The sun was shining over the Gosha Village, warm rays spilling across the rooftops and fields. Birds chirped. Wind brushed through the trees.

And in the middle of all that peace stood Leo, facing down a tree like it had personally insulted him.

He tilted his head, eyes narrowing. "Alright, you overgrown piece of firewood… round two."

He took a slow breath. The familiar hum started under his skin — black and red veins crawling up his arm like living code. The flesh shifted, hardened, and then shhk—! the arm blade formed, gleaming wickedly in the morning light.

Leo swung.

A sharp crack split the air. The tree shook violently, the cut biting deep— but stopping halfway. Bark splintered. Sap dripped. The tree creaked but refused to fall.

Leo stared at it for a moment. Then sighed.

"…Man. In the games, this would've been a clean one-hit animation."

He poked the half-cut trunk with his finger, frowning at the resistance. "Guess reality comes with a nerf patch."

Shaking his head, he flexed his arm, the veins retreating as the weapon dissolved back into normal skin.

'Control's there, but the output's weak. Either I'm under-leveled, or this world's physics hates fun.'

He stretched, glancing up toward the sky. "Back to grinding, I guess."
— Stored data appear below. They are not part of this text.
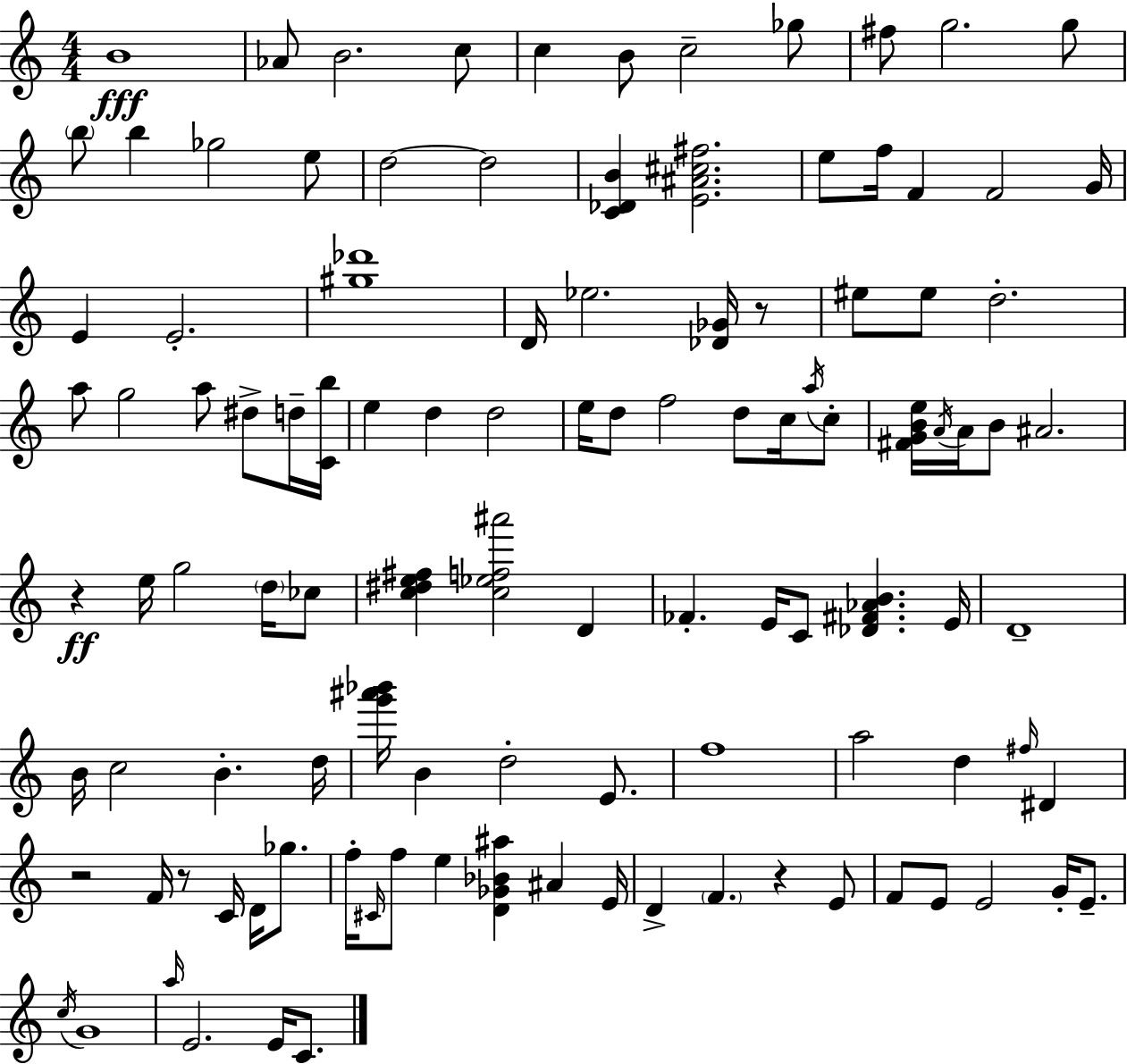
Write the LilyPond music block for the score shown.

{
  \clef treble
  \numericTimeSignature
  \time 4/4
  \key c \major
  b'1\fff | aes'8 b'2. c''8 | c''4 b'8 c''2-- ges''8 | fis''8 g''2. g''8 | \break \parenthesize b''8 b''4 ges''2 e''8 | d''2~~ d''2 | <c' des' b'>4 <e' ais' cis'' fis''>2. | e''8 f''16 f'4 f'2 g'16 | \break e'4 e'2.-. | <gis'' des'''>1 | d'16 ees''2. <des' ges'>16 r8 | eis''8 eis''8 d''2.-. | \break a''8 g''2 a''8 dis''8-> d''16-- <c' b''>16 | e''4 d''4 d''2 | e''16 d''8 f''2 d''8 c''16 \acciaccatura { a''16 } c''8-. | <fis' g' b' e''>16 \acciaccatura { a'16 } a'16 b'8 ais'2. | \break r4\ff e''16 g''2 \parenthesize d''16 | ces''8 <c'' dis'' e'' fis''>4 <c'' ees'' f'' ais'''>2 d'4 | fes'4.-. e'16 c'8 <des' fis' aes' b'>4. | e'16 d'1-- | \break b'16 c''2 b'4.-. | d''16 <g''' ais''' bes'''>16 b'4 d''2-. e'8. | f''1 | a''2 d''4 \grace { fis''16 } dis'4 | \break r2 f'16 r8 c'16 d'16 | ges''8. f''16-. \grace { cis'16 } f''8 e''4 <d' ges' bes' ais''>4 ais'4 | e'16 d'4-> \parenthesize f'4. r4 | e'8 f'8 e'8 e'2 | \break g'16-. e'8.-- \acciaccatura { c''16 } g'1 | \grace { a''16 } e'2. | e'16 c'8. \bar "|."
} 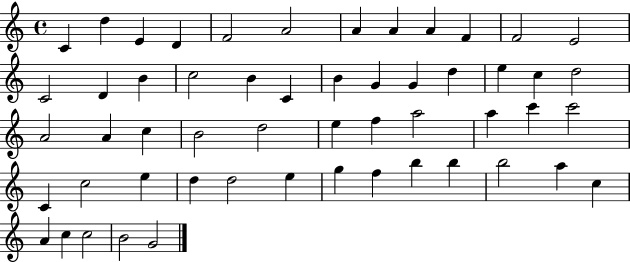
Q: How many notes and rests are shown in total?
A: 54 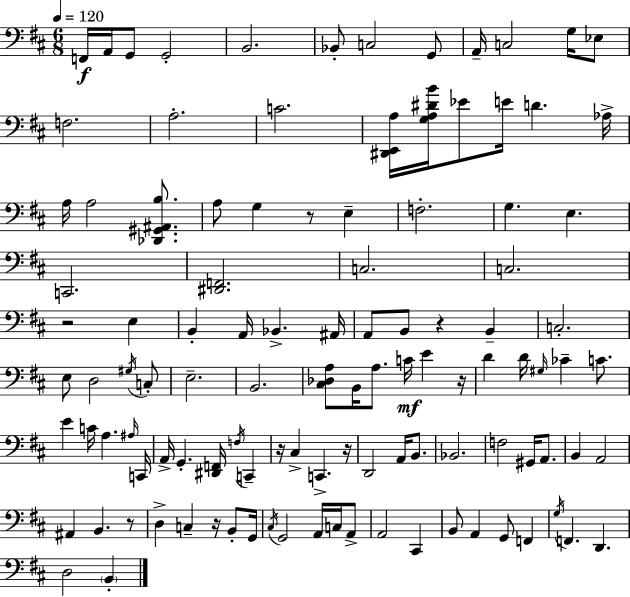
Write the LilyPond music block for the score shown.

{
  \clef bass
  \numericTimeSignature
  \time 6/8
  \key d \major
  \tempo 4 = 120
  \repeat volta 2 { f,16\f a,16 g,8 g,2-. | b,2. | bes,8-. c2 g,8 | a,16-- c2 g16 ees8 | \break f2. | a2.-. | c'2. | <dis, e, a>16 <g a dis' b'>16 ees'8 e'16 d'4. aes16-> | \break a16 a2 <des, gis, ais, b>8. | a8 g4 r8 e4-- | f2.-. | g4. e4. | \break c,2. | <dis, f,>2. | c2. | c2. | \break r2 e4 | b,4-. a,16 bes,4.-> ais,16 | a,8 b,8 r4 b,4-- | c2.-. | \break e8 d2 \acciaccatura { gis16 } c8-. | e2.-- | b,2. | <cis des a>8 b,16 a8. c'16\mf e'4 | \break r16 d'4 d'16 \grace { gis16 } ces'4-- c'8. | e'4 c'16 a4. | \grace { ais16 } c,16 a,16-> g,4.-. <dis, f,>16 \acciaccatura { f16 } | c,4-- r16 cis4-> c,4.-> | \break r16 d,2 | a,16 b,8. bes,2. | f2 | gis,16 a,8. b,4 a,2 | \break ais,4 b,4. | r8 d4-> c4-- | r16 b,8-. g,16 \acciaccatura { cis16 } g,2 | a,16 c16 a,8-> a,2 | \break cis,4 b,8 a,4 g,8 | f,4 \acciaccatura { g16 } f,4. | d,4. d2 | \parenthesize b,4-. } \bar "|."
} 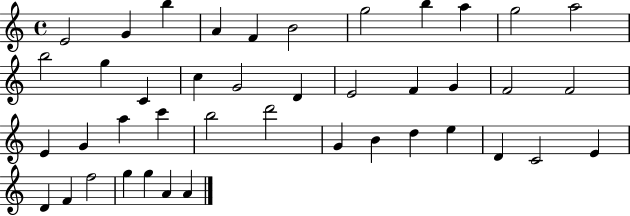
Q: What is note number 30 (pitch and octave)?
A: B4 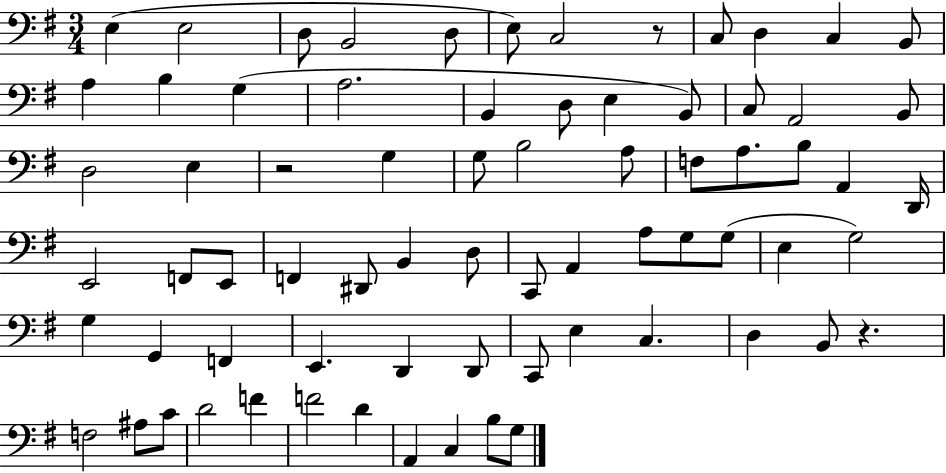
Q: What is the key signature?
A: G major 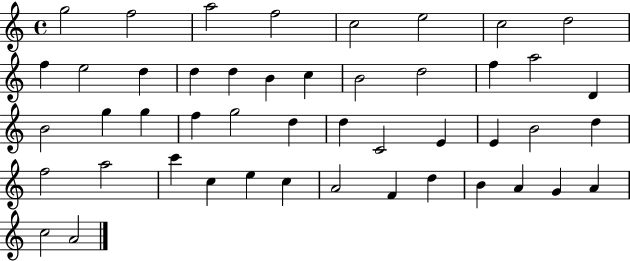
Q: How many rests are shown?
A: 0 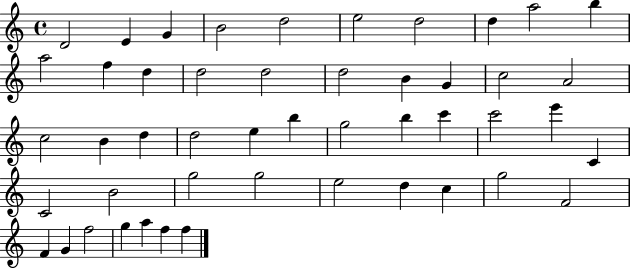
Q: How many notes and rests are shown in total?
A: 48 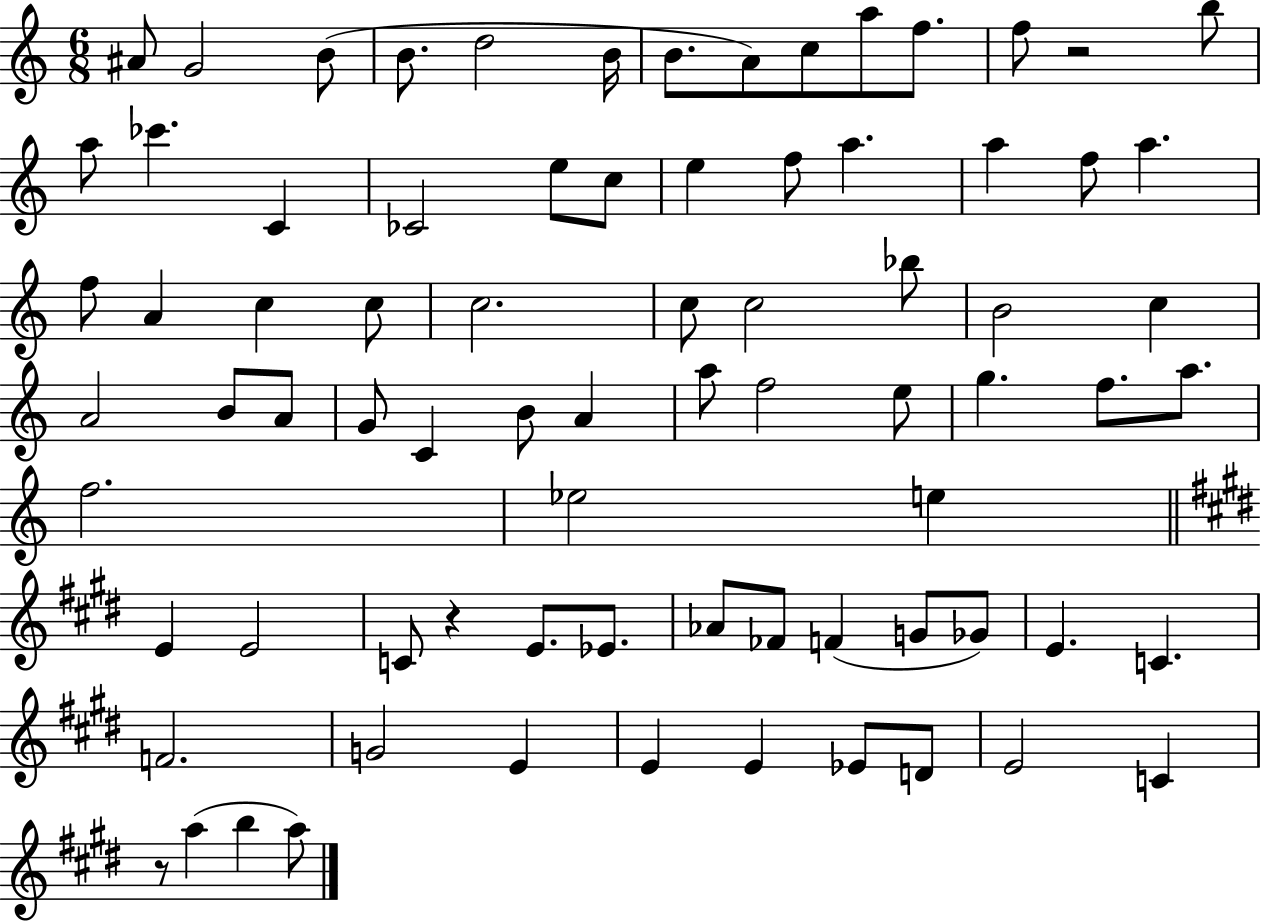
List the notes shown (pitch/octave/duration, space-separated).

A#4/e G4/h B4/e B4/e. D5/h B4/s B4/e. A4/e C5/e A5/e F5/e. F5/e R/h B5/e A5/e CES6/q. C4/q CES4/h E5/e C5/e E5/q F5/e A5/q. A5/q F5/e A5/q. F5/e A4/q C5/q C5/e C5/h. C5/e C5/h Bb5/e B4/h C5/q A4/h B4/e A4/e G4/e C4/q B4/e A4/q A5/e F5/h E5/e G5/q. F5/e. A5/e. F5/h. Eb5/h E5/q E4/q E4/h C4/e R/q E4/e. Eb4/e. Ab4/e FES4/e F4/q G4/e Gb4/e E4/q. C4/q. F4/h. G4/h E4/q E4/q E4/q Eb4/e D4/e E4/h C4/q R/e A5/q B5/q A5/e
"What are you doing, Cousin?"

Leo froze mid-motion.

He turned his head slowly, spotting a small figure standing a few meters away — short black hair, turquoise eyes gleaming with curiosity, and that familiar Fuuma battle suit that looked way too serious on a five-year-old.

'Crap.'

Without missing a beat, Leo bent down and grabbed the knife from the dirt — the totally normal, definitely not alien-virus-related knife — and straightened up with the most casual smile he could manage.

[Insert image of Fuuma Tokiko]

"Oh hey, Tokiko. Just, uh… training," he said, twirling the knife lazily. "You know, sharpening my skills. Ninja stuff."

She tilted her head, eyes darting from the half-cut tree to the knife, then back at him.

"…With a kitchen knife?"

Leo blinked. "…It builds character."

Tokiko crossed her arms, unconvinced. "Mom says you're supposed to use a training sword."

He smiled, scratching the back of his neck. "Yeah, well… the sword's in the shop."

She blinked again. "We don't have a shop."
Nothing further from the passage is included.